POWER_Enable bus 320 contains 10 bits at the output of the memory
controller 120 and 1 bit at the input of each power control module
so that each memory card can be electrically insulated without
perturbing the others.
[0052] To avoid electronic damage, power supply and logical parts
of a circuit are generally switched in two steps thus, in the
preferred embodiment, two controls, POWER_Enable and
BUS_Insulation, have been used. However, these two controls could
be the same. Likewise, it could be possible to use one bus-switch
per memory card to insulate it logically and electrically.
[0053] To illustrate the above mentioned circuit, let us consider
that memory card 100-2 is failing (hard failure). Thanks to the
data bytes contained in memory cards 100-1 and 100-3 to 100-8,
thanks to the BEC bytes contained in memory cards 100-9 and 100-10
and thanks to the read path function 160 comprised in the memory
controller 120, the unreachable bytes stored in memory card 100-2
can be retrieved. As mentioned above, a test including rewriting
the data may be performed to detect whether the error is a soft
failure or a hard failure. As a hard failure is detected in this
example, the memory card 100-2 is to be replaced. Then, using
BUS_Insulation 140 and POWER_Enable 320, memory card 100-2 can be
logically and electrically insulated and thus replaced by a new
memory card without perturbing the computer.
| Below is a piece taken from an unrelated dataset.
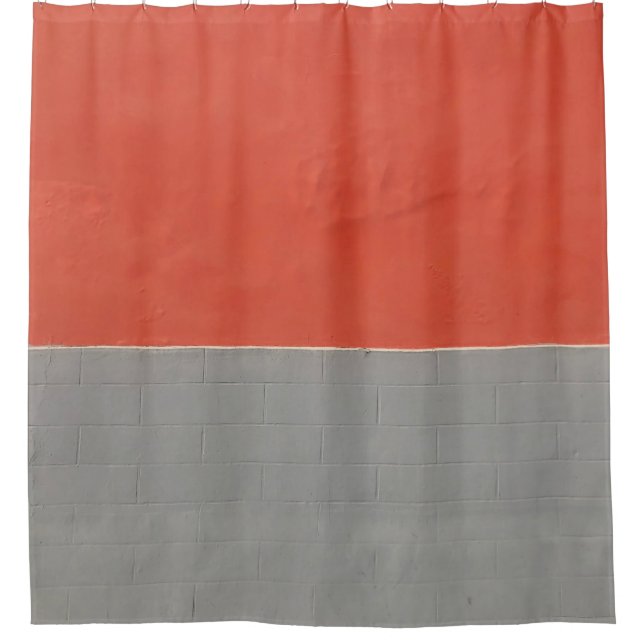 Rideaux De Douche Mur peint en gris et orange (Devant)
[0054] However, if a second memory card fails before the first
failing memory card has been replaced or before the content of the
first failing memory card has been restored, the memory system is
not able to recover the data (as mentioned above, the BEC is unable
to correct such kind of error). To overcome this problem, the
present invention uses a backup memory card that may be used as
soon as a hard failure is detected in a memory card.
[0055] FIG. 4 presents the circuit of the present invention, based
on the one described above, that comprises an additional memory
card 100-11. This memory card 100-11 is connected to the common
Memory_Card_Select 135, BYTE_Select 125 and address bus 130 signals
and can be enabled or disabled by standard bus-switch component
145-11 controlled by BUS_Insulation signal 140 that now comprises
11 bits (one for each memory card 100-1 to 100-11). The data
input/output buses of the memory chips contained within this
additional memory card are connected together to create the data
input/output bus 110-11 that is connected to multiplexor 400 in
order to be connected to one of the data input/output buses 110-1
to 110-10 of the memory cards 100-1 to 100-10. Multiplexor 400 is
controlled by DATA_Select signal 410 generated by the memory
controller 120. DATA_Select signal 410 comprises 4 bits to set one
of the 10 possible switch positions of multiplexor 400.
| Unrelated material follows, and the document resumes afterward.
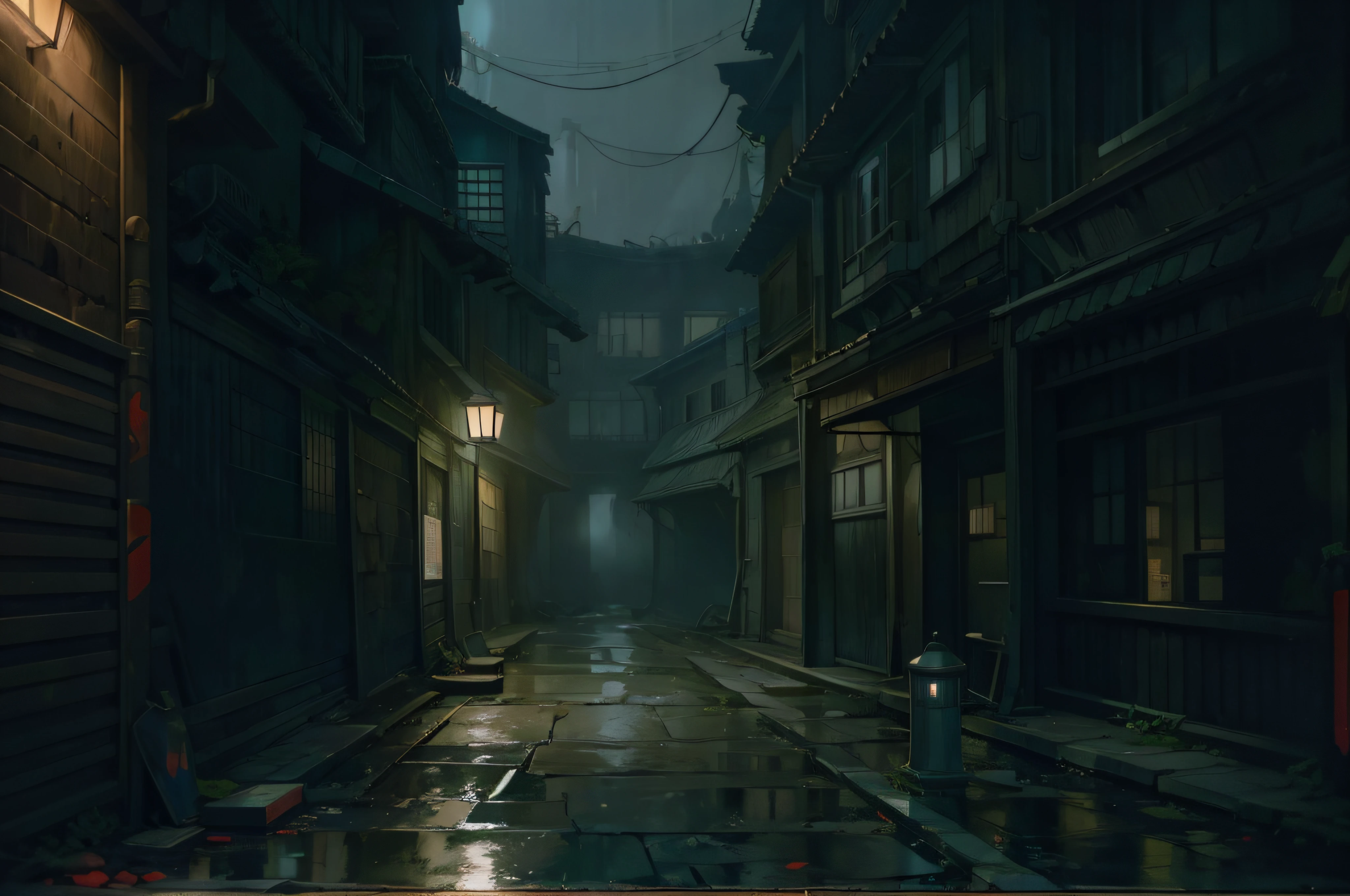 The generated Stable Diffusion prompt is as follows：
[0056] FIG. 5 illustrates the way to connect an optional power
control module 310-11 that is commanded by the power supply control
signal POWER_Enable 320, now comprising 11 bits (one for each
memory card 100-1 to 100-11). Power control module 310-11 allows to
electrically insulate memory card 100-11. Logically and
electrically insulating memory card 100-11 allows to replace it
without perturbing the memory system.
[0057] Thus, using the circuit of the present invention, several
methods allow to increase the availability of the memory system.
The simplest one includes using the additional memory card 100-11
to replace a failing memory card as soon as a hard failure occurs.
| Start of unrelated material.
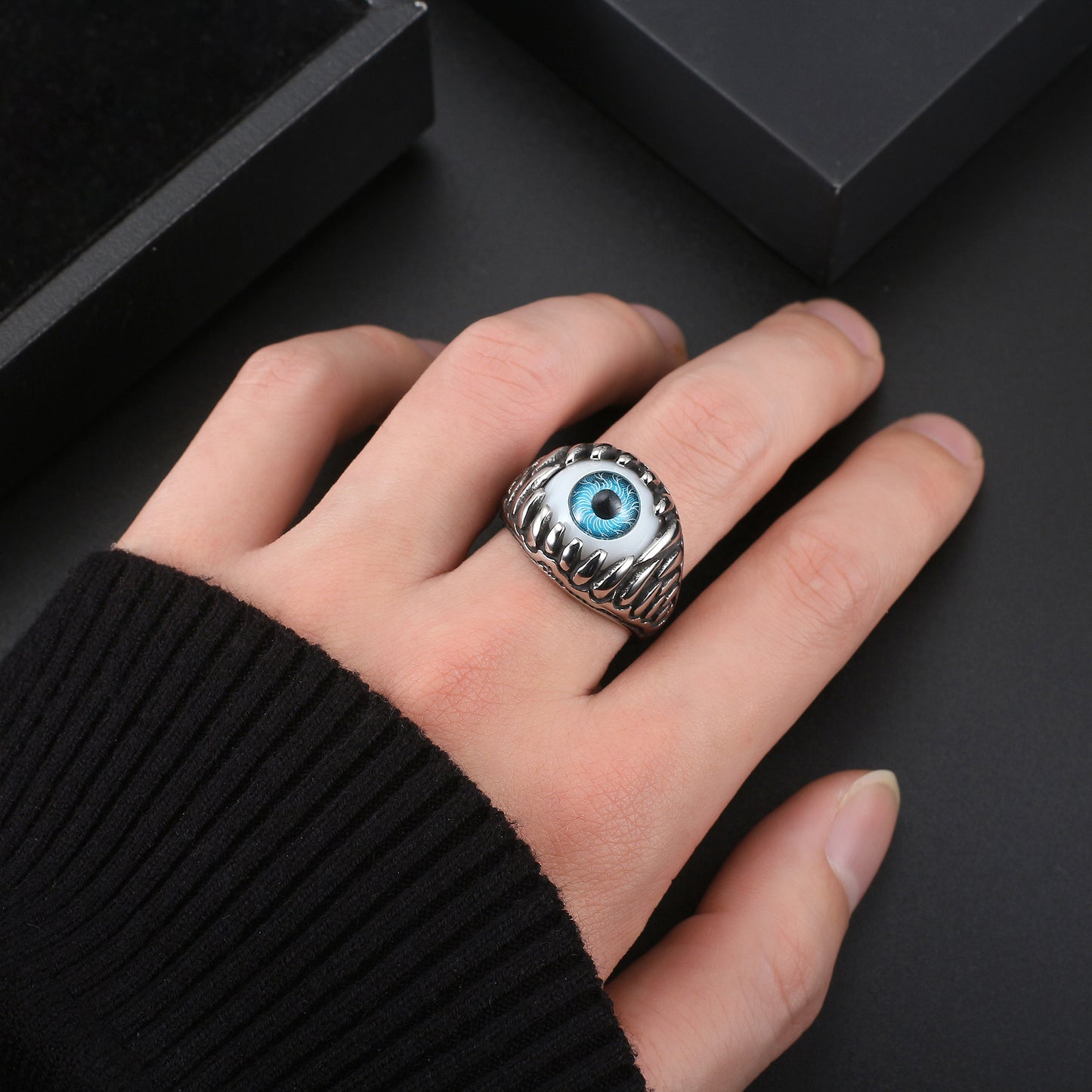 EvilEyeEyeballRingforMenorWomenStainlessSteelBikerGingerLyneCollection_Blue-4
Thus, if a second error occurs in another memory card, it could be
corrected if the data has been written in the additional memory
card after this additional memory card has replaced the first
failing memory card. However, this method presents a drawback: when
a hard failure occurs in a memory card it does not mean necessary
that the whole content of this memory card is damaged. For example,
if a hard failure occurs in a single memory chip of a memory card
the whole content of the memory card is lost when the memory card
is replaced by the additional memory card. To get rid of it, a
second method includes using the additional memory card in
conjunction with the memory card in which a hard failure has been
detected: the additional memory card is used to read a word only if
this word can not be recovered when using the memory card in which
the hard failure has been detected. This second method includes
writing the same part of a word in the memory card in which the
hard failure has been detected and in the additional memory card.
To read a word, the memory card in which the hard failure has been
detected is enabled and the additional memory card is disabled. If
the data is not recovered, i.e. errors occur in at least two memory
cards (as mentioned above, the BEC is unable to correct such kind
of error), the first memory card in which the hard failure has been
detected is disabled and the additional memory card is enabled and
another reading is performed. However, this solution still presents
a drawback concerning the replacement of the first failing memory
card: its content will be lost when it is removed.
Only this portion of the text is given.